Note that {{Math.unsignedMultiplyHigh}} with the same signature was introduced 
in JDK 18 and is a hotspot intrinsic. I have benchmarked the intrinsic versions 
and they are noticeably faster. The update of the 128-bit LCG is still complex 
even with a hardware supported 128-bit multiply:
{code:java}
// The LCG is, in effect, "s = m * s + a" where m = ((1LL << 64) + ML)
final long u = ML * sl;
// High half
sh = ML * sh + LXMSupport.unsignedMultiplyHigh(ML, sl) + sl + ah;
// Low half
sl = u + al;
// Carry propagation
if (Long.compareUnsigned(sl, u) < 0) {
    ++sh;
}
{code}
The Long.compareUnsigned requires a branch condition to perform carry 
propagation. This code is as provided in Steele & Vigna and also in the JDK 17 
source. There may be a bit shift trick to remove this conditional although 
performance may not be altered if this only saves a few CPU cycles.
h2. Jumping

The JDK 17 generators do not support jumping. These generators prefer to do a 
split operation. The LXM family is extremely robust to sequence overlap if the 
additive parameter for the LCG is different. The JDK has a method to create a 
stream of generators. This uses a special spliterator that provides the 
additive parameter for each constructed generator during the stream operations. 
Thus all generators from the stream will have a different additive parameter.

Steele & Vigna suggest methods for jumping by advancing/rewinding the LCG and 
XBG the same number of cycles.

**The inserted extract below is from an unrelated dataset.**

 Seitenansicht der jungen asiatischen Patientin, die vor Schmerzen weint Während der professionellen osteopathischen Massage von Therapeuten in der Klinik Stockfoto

In practice this is performed using:
 #  A large jump of the XBG that wraps the state of the LCG.
 #  Leaving the XBG state unchanged and advancing the LCG. This effectively 
rewinds the state of the LXM by the period of the XBG multiplied by the number 
of cycles advanced by the LCG.

In order to test jumping (which is already done by the Commons RNG 
implementation for the XBG), I created a routine to jump the LCG. In most cases 
for a *type-1* jump this is not used as the LCG state is wrapped entirely by 
the jump of the XBG. The only jump that is small is the jump of 2^64 and 2^96 
cycles done by XoRoShiRo128 in combination with a 128-bit LCG. I did create 
this version, benchmarked jumping and as expected it was slow.

A *type-2* jump is easy to implement but the long jump requires advancing the 
LCG a larger number of steps. This can be done using an algorithm to compute 
arbitrary strides to an LCG:
{noformat}
Brown, F.B. (1994) Random number generation with arbitrary strides,
Transactions of the American Nuclear Society 71.{noformat}
The algorithm computes the multiplier and addition to update the LCG in a 
single step. If the jump size and base LCG multiplier are constant, which is 
the case here, then the jump coefficients can be precomputed. By choosing a 
long jump that is half the cycle length of the LCG, the entire lower half of 
the state remains unchanged. Thus it is possible to jump the 128-bit LCG a 
stride of 2^64 cycles faster than moving it 1 cycle.

Here is the output of a new jump benchmark. The benchmark contains only those 
generators with a unique jump function. Some generator variants have exactly 
the same jump and can be omitted:
||Random Source||Method||Score||
|L64_X128_MIX|jump|11.3|
|L64_X256_MIX|jump|13.3|
|L128_X128_MIX|jump|16.8|
|L128_X256_MIX|jump|18.7|
|L64_X1024_MIX|jump|25.3|
|L128_X1024_MIX|jump|31.6|
|XO_RO_SHI_RO_128_PP|jump|177.3|
|XO_RO_SHI_RO_128_PLUS|jump|194.4|
|XO_SHI_RO_128_PLUS|jump|254.9|
|XO_SHI_RO_256_PLUS|jump|448.5|
|XO_SHI_RO_512_PLUS|jump|1651.9|
|XO_RO_SHI_RO_1024_PP|jump|6926.8|
|XOR_SHIFT_1024_S|jump|8224.0|
|L64_X128_MIX|longJump|11.5|
|L128_X128_MIX|longJump|13.8|
|L64_X256_MIX|longJump|14.3|
|L128_X256_MIX|longJump|17.5|
|L64_X1024_MIX|longJump|25.7|
|L128_X1024_MIX|longJump|41.7|

Here we see that jumping the LCG is much faster than jumping the parent XBG. 
The speed difference of the various LXM generators is due to the state size for 
larger generators. The generator must be copied first and then jumped. The jump 
computation is exactly the same. Note also that longJump is faster than jump 
for the smaller LXM generators with a 128-bit LCG due to the simplification of 
the state update step. The L128_X1024_MIX long jump result is an outlier here 
as it is about 30% slower than the corresponding jump.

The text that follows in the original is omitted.